== EXERCISE PROMPT ==
Output the whole listing below exactly, omitting the images.

== COLLECTED MATERIAL ==
- - - - - - -

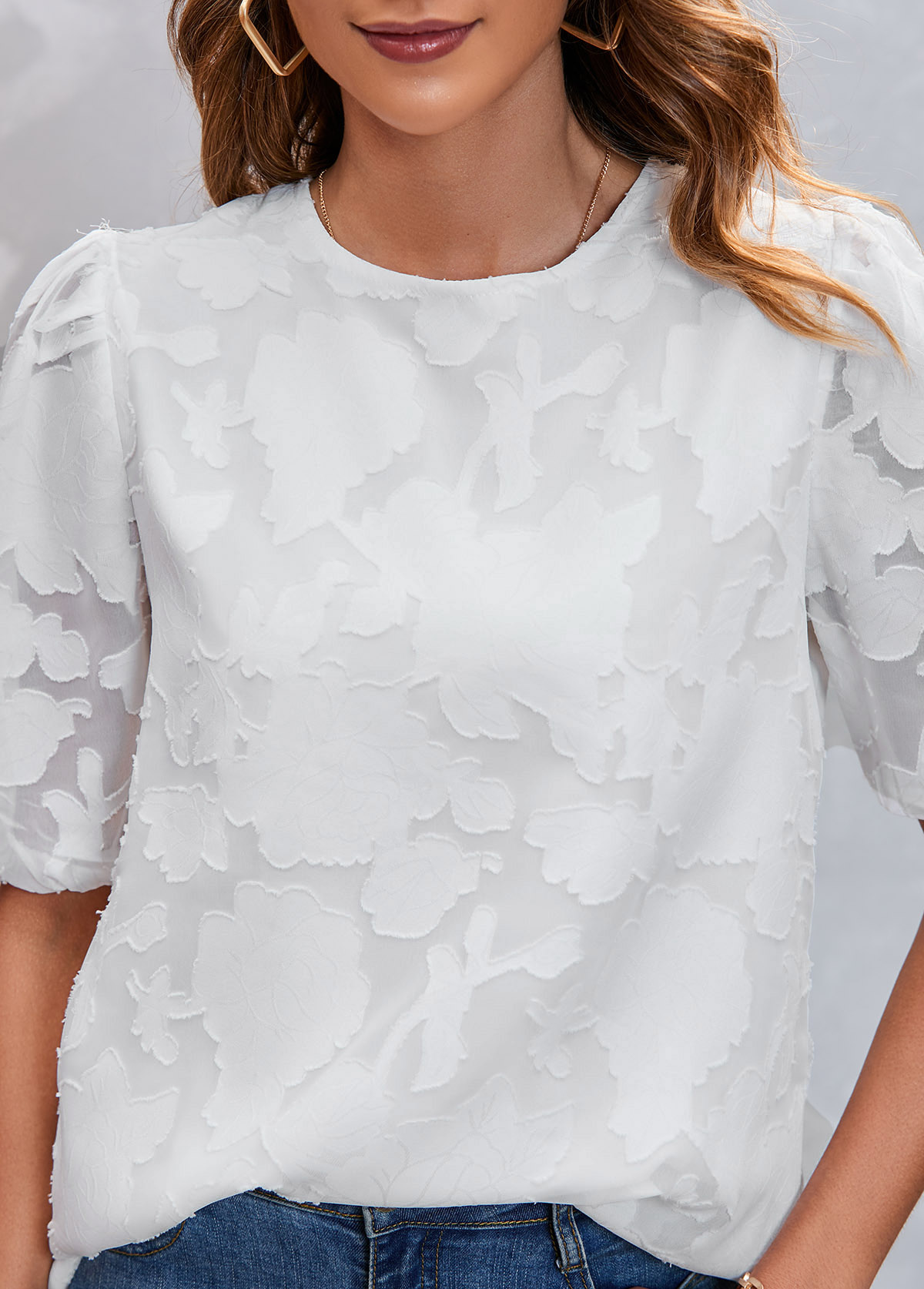 White tops,Plain Color tops,White Chiffon Floral Print Round Neck Blouse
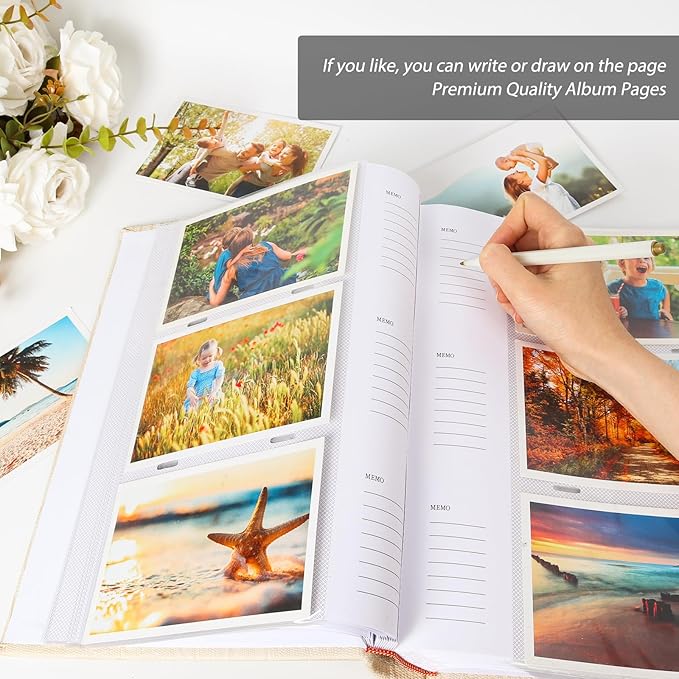 RECUTMS 4x6 Photo Album Photo Book Pack of 50 Sheets Holds 300 Photos,Leather Cover Picture Album with Front Window for Memories Couple Valentines Baby Wedding Family (Pink)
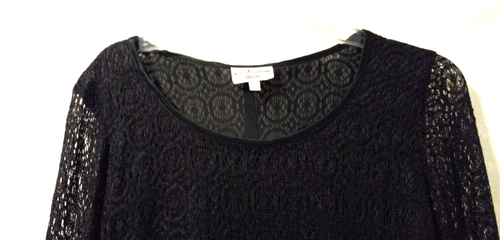 Harlow Vintage Sheath Dress sz 10 Black Lace Cocktail Long Sleeve Lined - Picture 6 of 10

- - - - - - -

== TASK SOLUTION ==
 White tops,Plain Color tops,White Chiffon Floral Print Round Neck Blouse
 RECUTMS 4x6 Photo Album Photo Book Pack of 50 Sheets Holds 300 Photos,Leather Cover Picture Album with Front Window for Memories Couple Valentines Baby Wedding Family (Pink)
 Harlow Vintage Sheath Dress sz 10 Black Lace Cocktail Long Sleeve Lined - Picture 6 of 10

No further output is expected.